At the time, the band was Oversoul 7, which contained a myriad of computer wizards: guitarist-programmer Rick Torres, bassist-programmer Kiran Shahani, and Sakurai. Though “Nothing Like Tomorrow” would become an Oversoul 7 song, the new combination with Soriano evolved into the Supreme Beings of Leisure.
“The bass player at the time was watching a National Geographic episode on lions,” Soriano says of their lofty moniker. “And I guess, as Mama Perkins said, ‘The lions are the true supreme beings of leisure.'
Soriano says she wasn't thrilled with the name in the beginning, given the inherent campy overtones. But, she says, “I think we've kind of transcended that. [The name] is about enjoying your life, creating that space where you have mastery of your universe and you're fulfilling your passion.”
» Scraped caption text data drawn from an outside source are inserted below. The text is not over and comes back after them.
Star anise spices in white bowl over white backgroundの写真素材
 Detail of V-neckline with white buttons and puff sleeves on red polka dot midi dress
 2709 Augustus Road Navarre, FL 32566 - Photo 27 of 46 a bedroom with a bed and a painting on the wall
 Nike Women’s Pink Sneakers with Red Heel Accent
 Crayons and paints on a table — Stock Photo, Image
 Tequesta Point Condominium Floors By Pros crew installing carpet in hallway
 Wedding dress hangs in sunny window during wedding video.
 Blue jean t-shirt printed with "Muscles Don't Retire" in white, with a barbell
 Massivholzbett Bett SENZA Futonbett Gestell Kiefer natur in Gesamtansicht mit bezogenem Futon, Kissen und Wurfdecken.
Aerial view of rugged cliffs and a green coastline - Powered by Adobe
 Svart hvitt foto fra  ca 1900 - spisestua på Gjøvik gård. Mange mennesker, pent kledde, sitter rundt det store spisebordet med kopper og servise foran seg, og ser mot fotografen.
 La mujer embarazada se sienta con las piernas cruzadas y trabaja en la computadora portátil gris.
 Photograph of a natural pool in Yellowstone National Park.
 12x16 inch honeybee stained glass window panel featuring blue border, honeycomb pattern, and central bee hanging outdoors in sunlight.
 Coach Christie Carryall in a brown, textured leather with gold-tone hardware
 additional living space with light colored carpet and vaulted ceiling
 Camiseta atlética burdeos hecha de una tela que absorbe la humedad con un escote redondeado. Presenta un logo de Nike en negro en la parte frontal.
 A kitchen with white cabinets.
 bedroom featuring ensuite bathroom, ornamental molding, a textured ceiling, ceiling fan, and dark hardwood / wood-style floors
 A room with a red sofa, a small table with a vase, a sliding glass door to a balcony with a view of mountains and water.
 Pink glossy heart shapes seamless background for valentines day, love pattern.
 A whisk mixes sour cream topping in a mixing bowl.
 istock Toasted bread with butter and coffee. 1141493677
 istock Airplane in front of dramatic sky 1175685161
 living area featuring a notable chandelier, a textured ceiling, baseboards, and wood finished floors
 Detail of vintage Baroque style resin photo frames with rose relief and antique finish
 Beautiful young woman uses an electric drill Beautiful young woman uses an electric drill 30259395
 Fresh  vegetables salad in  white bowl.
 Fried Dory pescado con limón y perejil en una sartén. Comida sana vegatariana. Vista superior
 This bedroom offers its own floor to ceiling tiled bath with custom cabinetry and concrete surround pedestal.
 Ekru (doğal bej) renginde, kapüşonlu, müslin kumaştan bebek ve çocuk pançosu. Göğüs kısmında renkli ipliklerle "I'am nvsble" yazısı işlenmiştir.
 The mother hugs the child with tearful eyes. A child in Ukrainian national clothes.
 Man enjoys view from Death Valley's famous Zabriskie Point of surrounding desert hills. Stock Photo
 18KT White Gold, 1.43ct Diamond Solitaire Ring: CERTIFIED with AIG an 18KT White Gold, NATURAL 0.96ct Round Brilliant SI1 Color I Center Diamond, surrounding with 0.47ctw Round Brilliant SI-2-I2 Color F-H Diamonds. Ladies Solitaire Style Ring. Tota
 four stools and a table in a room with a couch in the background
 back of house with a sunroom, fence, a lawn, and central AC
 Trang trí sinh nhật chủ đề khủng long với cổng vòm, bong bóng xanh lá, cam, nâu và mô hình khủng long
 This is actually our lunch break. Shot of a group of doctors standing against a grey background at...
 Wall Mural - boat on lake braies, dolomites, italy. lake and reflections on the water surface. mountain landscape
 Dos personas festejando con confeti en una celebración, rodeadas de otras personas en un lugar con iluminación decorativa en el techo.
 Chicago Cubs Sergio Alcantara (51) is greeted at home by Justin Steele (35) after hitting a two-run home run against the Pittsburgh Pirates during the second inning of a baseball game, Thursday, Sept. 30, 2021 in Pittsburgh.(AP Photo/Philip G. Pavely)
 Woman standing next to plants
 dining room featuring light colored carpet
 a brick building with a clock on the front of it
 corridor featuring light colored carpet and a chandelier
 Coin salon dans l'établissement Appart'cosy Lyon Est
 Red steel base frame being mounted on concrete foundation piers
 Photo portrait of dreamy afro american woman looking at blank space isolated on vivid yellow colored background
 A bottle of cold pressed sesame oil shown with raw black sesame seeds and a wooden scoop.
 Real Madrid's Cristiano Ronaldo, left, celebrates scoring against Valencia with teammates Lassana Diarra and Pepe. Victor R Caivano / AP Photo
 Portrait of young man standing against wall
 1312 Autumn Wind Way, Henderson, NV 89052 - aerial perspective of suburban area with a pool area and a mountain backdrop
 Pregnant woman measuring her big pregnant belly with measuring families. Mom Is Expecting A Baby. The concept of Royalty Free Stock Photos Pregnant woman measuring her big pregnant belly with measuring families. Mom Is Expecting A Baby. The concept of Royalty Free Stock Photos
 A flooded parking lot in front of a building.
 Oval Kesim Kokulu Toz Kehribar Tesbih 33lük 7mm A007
Their 2000 debut largely made waves because of the way it was marketed-almost exclusively on the Internet. It was a test on the marketing power of click of mouse: SBL pop up windows, SBL click-throughs, SBL promotional giveaways on music sites. The music-a collection of soulful trip-hop with international pop overtones-showed promise, though arguably not a full realization. Soriano's vocals redeemed a lot of the mediocre songwriting.
“I'm kind of all over the map, I'm not a trained vocalist,” Soriano says. “I have had vocal coaching but it's not like I went to Berklee and studied opera. I started singing in rock bands when I was 17, and started singing all kinds of stuff from new wave to punk to funk to jazzy stuff.”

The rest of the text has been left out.